Your task: In the records below, find the line with "Yuelian / PW" and the line with "SabbaticalHomes Merchant Logo". Print both exactly, along with every line between them, and no other line.

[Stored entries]
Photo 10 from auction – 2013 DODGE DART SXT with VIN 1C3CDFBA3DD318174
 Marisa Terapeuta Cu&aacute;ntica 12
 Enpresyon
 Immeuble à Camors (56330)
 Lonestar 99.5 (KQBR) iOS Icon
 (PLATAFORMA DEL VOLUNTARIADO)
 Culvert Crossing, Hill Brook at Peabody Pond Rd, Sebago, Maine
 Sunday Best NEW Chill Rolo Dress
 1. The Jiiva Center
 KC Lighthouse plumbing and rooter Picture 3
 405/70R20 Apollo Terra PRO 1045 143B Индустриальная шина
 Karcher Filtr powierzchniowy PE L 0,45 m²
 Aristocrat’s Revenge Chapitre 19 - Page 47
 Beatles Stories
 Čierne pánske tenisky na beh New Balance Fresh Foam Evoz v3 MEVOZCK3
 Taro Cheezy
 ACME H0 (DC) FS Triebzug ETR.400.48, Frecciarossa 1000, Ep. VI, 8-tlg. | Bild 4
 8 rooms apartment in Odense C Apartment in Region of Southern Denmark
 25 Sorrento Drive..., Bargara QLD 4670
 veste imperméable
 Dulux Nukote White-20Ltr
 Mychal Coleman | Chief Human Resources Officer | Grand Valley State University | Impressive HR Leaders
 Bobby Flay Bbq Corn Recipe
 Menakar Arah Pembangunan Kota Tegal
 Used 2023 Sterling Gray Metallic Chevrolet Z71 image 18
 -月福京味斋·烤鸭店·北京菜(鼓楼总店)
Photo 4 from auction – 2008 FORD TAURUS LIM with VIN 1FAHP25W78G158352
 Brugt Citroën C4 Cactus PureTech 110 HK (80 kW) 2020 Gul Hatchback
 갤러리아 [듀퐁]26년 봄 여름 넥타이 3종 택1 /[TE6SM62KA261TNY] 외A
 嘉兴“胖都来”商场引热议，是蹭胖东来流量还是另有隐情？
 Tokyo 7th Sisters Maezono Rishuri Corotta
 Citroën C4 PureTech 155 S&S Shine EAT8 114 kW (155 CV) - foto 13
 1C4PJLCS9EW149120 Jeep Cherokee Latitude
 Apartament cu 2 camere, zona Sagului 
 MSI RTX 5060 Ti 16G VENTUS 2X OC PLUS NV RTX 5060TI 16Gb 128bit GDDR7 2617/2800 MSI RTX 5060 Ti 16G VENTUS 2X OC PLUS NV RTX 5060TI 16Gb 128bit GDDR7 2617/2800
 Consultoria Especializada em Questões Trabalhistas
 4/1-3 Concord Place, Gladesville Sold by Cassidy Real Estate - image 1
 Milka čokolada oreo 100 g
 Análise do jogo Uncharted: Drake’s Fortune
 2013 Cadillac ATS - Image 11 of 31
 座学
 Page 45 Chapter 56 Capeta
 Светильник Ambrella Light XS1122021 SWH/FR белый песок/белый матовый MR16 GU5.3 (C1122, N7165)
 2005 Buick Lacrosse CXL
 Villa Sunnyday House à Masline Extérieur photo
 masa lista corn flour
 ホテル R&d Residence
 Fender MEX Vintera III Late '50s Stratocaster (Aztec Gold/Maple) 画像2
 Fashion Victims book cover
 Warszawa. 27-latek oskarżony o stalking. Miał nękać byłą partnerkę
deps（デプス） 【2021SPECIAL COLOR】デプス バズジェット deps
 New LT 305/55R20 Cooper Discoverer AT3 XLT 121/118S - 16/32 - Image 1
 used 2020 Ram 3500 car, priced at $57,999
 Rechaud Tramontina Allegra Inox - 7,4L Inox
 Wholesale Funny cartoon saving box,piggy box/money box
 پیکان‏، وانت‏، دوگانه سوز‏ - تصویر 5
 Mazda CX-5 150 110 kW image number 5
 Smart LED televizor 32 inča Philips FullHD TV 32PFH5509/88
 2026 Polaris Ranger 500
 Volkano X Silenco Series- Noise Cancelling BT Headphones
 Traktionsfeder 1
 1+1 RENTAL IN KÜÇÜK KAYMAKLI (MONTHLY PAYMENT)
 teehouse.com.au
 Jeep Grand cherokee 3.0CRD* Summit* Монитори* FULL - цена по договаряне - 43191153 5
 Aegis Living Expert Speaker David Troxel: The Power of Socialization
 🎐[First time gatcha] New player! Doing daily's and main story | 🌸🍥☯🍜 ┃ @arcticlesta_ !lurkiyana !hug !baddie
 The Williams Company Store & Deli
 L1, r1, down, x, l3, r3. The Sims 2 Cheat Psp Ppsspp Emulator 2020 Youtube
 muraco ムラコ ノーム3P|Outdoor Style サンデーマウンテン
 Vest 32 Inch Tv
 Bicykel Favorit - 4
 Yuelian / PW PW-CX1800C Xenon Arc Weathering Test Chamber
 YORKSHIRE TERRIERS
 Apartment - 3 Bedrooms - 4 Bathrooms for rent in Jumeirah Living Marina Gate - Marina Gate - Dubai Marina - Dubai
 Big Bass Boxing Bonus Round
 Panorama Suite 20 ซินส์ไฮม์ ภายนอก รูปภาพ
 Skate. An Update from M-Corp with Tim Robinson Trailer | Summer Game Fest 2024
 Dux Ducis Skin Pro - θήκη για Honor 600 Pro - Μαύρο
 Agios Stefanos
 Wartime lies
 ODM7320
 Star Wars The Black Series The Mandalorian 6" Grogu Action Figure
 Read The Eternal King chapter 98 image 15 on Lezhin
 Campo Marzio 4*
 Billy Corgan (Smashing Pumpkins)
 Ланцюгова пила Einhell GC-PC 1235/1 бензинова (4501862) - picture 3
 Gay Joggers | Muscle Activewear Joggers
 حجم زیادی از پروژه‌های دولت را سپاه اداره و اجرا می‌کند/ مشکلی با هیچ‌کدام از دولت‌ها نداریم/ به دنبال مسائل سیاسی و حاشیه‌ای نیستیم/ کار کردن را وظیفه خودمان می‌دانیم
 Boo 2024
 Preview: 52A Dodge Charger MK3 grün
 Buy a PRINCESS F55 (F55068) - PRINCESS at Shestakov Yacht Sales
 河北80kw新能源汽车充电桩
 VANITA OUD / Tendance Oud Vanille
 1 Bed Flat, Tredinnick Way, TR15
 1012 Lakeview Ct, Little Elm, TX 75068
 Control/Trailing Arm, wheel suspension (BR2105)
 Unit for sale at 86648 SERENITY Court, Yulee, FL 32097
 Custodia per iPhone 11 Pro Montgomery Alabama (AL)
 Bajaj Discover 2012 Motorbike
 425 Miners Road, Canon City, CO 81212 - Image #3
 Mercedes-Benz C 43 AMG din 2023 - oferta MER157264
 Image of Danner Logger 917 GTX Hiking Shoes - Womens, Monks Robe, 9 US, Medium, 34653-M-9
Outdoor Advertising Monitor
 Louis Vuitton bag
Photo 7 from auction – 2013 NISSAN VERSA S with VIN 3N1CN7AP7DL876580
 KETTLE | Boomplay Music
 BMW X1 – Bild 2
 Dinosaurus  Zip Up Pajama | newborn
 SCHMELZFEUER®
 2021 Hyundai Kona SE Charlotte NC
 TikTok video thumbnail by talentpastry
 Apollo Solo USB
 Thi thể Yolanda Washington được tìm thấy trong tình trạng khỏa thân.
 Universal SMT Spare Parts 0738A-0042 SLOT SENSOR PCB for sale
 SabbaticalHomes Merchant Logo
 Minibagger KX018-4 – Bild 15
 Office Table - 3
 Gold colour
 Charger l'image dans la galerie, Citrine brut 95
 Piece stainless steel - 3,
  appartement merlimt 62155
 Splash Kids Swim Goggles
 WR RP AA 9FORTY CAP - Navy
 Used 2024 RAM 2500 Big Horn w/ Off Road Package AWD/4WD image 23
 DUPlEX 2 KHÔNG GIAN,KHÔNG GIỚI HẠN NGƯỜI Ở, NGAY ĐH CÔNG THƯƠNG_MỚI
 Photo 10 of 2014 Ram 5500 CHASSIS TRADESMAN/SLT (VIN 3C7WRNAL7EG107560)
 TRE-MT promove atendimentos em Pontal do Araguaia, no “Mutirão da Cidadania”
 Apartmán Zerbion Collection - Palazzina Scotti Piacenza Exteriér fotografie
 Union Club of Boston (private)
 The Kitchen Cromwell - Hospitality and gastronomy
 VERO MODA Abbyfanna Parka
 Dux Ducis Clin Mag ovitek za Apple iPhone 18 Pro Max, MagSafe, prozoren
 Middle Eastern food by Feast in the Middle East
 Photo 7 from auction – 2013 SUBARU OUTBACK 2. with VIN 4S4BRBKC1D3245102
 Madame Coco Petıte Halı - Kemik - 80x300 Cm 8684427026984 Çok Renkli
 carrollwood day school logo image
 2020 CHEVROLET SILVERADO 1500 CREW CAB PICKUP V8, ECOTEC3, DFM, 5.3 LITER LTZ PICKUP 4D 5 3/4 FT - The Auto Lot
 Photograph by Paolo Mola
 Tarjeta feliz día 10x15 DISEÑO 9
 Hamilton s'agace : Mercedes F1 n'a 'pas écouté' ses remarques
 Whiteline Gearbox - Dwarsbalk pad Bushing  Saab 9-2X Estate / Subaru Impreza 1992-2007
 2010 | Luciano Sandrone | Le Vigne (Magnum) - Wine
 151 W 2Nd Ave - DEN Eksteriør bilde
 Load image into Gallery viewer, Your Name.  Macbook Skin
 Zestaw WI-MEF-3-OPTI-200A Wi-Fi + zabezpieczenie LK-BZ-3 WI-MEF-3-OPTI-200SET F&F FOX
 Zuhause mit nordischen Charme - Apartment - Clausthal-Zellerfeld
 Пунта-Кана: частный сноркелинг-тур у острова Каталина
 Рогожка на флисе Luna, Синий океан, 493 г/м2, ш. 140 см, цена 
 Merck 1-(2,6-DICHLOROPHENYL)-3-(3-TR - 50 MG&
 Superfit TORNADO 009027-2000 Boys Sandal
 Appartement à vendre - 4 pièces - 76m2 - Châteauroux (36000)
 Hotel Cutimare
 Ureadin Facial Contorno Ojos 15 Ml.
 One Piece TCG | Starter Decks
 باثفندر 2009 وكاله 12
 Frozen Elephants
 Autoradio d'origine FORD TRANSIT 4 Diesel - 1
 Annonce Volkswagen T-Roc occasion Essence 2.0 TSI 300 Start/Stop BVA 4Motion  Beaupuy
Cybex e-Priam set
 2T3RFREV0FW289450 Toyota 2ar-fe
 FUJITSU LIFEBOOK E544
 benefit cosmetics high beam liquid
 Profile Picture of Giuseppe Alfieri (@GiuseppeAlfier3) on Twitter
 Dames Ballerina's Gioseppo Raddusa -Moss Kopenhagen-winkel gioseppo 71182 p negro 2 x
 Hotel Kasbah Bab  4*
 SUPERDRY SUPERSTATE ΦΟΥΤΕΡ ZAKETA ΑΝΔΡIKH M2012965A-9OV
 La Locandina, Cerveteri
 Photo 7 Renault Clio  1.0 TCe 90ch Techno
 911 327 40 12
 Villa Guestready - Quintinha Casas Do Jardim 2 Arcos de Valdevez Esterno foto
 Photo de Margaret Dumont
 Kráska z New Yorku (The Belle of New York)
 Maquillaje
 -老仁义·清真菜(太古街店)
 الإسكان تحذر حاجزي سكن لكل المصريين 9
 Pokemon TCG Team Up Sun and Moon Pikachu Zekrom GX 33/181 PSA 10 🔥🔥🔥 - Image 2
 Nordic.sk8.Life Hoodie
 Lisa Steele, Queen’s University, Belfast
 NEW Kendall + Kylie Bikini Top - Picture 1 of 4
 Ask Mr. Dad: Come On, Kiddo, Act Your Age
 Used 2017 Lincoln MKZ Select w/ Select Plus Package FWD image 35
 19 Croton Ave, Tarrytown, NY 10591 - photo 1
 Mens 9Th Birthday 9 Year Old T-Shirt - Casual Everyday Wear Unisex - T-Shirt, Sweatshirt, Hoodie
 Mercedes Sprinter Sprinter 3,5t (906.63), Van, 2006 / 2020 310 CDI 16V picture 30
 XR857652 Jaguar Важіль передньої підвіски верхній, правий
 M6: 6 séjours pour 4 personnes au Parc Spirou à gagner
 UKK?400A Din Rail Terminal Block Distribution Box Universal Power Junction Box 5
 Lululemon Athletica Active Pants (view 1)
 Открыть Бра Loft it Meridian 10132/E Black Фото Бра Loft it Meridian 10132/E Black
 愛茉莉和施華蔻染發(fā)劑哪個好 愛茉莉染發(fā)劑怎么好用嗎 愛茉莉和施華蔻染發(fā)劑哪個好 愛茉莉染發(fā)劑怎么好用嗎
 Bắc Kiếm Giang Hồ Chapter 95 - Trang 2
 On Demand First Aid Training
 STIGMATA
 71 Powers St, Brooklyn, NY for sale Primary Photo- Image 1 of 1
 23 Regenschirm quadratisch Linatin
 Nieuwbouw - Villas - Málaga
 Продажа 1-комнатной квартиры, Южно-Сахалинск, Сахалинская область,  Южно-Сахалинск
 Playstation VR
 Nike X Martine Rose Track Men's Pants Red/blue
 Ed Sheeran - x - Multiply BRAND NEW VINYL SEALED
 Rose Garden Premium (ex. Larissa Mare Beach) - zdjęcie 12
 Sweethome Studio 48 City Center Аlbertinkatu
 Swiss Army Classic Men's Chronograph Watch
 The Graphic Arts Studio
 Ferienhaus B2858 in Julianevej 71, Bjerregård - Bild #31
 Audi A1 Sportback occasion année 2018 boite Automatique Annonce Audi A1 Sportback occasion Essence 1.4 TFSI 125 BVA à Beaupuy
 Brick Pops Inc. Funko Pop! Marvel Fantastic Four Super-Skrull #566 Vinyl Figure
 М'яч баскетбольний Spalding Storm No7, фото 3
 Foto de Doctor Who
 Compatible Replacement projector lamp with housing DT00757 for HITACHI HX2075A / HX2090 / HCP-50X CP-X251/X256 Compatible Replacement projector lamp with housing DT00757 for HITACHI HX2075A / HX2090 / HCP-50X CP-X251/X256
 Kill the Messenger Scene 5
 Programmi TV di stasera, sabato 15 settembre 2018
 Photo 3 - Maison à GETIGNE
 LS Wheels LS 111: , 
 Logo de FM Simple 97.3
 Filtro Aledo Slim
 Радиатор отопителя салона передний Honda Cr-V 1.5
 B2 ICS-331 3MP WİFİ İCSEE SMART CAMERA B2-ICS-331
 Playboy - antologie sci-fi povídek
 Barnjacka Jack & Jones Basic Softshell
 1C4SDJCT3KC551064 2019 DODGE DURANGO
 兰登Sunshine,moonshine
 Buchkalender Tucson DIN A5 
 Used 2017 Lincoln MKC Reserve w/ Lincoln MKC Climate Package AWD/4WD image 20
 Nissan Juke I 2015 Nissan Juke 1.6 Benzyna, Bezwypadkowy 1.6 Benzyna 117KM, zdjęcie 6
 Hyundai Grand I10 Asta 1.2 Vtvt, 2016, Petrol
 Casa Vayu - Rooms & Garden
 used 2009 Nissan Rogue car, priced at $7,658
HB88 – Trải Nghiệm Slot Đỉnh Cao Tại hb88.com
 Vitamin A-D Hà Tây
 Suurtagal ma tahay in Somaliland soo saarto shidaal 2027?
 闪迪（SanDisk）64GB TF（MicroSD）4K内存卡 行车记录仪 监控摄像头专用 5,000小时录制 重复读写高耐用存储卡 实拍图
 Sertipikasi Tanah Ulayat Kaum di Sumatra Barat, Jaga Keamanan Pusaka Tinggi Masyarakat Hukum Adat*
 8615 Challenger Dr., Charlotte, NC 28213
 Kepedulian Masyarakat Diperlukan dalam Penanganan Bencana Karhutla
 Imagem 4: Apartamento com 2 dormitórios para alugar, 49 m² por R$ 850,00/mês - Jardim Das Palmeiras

Task result:
 Yuelian / PW PW-CX1800C Xenon Arc Weathering Test Chamber
 YORKSHIRE TERRIERS
 Apartment - 3 Bedrooms - 4 Bathrooms for rent in Jumeirah Living Marina Gate - Marina Gate - Dubai Marina - Dubai
 Big Bass Boxing Bonus Round
 Panorama Suite 20 ซินส์ไฮม์ ภายนอก รูปภาพ
 Skate. An Update from M-Corp with Tim Robinson Trailer | Summer Game Fest 2024
 Dux Ducis Skin Pro - θήκη για Honor 600 Pro - Μαύρο
 Agios Stefanos
 Wartime lies
 ODM7320
 Star Wars The Black Series The Mandalorian 6" Grogu Action Figure
 Read The Eternal King chapter 98 image 15 on Lezhin
 Campo Marzio 4*
 Billy Corgan (Smashing Pumpkins)
 Ланцюгова пила Einhell GC-PC 1235/1 бензинова (4501862) - picture 3
 Gay Joggers | Muscle Activewear Joggers
 حجم زیادی از پروژه‌های دولت را سپاه اداره و اجرا می‌کند/ مشکلی با هیچ‌کدام از دولت‌ها نداریم/ به دنبال مسائل سیاسی و حاشیه‌ای نیستیم/ کار کردن را وظیفه خودمان می‌دانیم
 Boo 2024
 Preview: 52A Dodge Charger MK3 grün
 Buy a PRINCESS F55 (F55068) - PRINCESS at Shestakov Yacht Sales
 河北80kw新能源汽车充电桩
 VANITA OUD / Tendance Oud Vanille
 1 Bed Flat, Tredinnick Way, TR15
 1012 Lakeview Ct, Little Elm, TX 75068
 Control/Trailing Arm, wheel suspension (BR2105)
 Unit for sale at 86648 SERENITY Court, Yulee, FL 32097
 Custodia per iPhone 11 Pro Montgomery Alabama (AL)
 Bajaj Discover 2012 Motorbike
 425 Miners Road, Canon City, CO 81212 - Image #3
 Mercedes-Benz C 43 AMG din 2023 - oferta MER157264
 Image of Danner Logger 917 GTX Hiking Shoes - Womens, Monks Robe, 9 US, Medium, 34653-M-9
Outdoor Advertising Monitor
 Louis Vuitton bag
Photo 7 from auction – 2013 NISSAN VERSA S with VIN 3N1CN7AP7DL876580
 KETTLE | Boomplay Music
 BMW X1 – Bild 2
 Dinosaurus  Zip Up Pajama | newborn
 SCHMELZFEUER®
 2021 Hyundai Kona SE Charlotte NC
 TikTok video thumbnail by talentpastry
 Apollo Solo USB
 Thi thể Yolanda Washington được tìm thấy trong tình trạng khỏa thân.
 Universal SMT Spare Parts 0738A-0042 SLOT SENSOR PCB for sale
 SabbaticalHomes Merchant Logo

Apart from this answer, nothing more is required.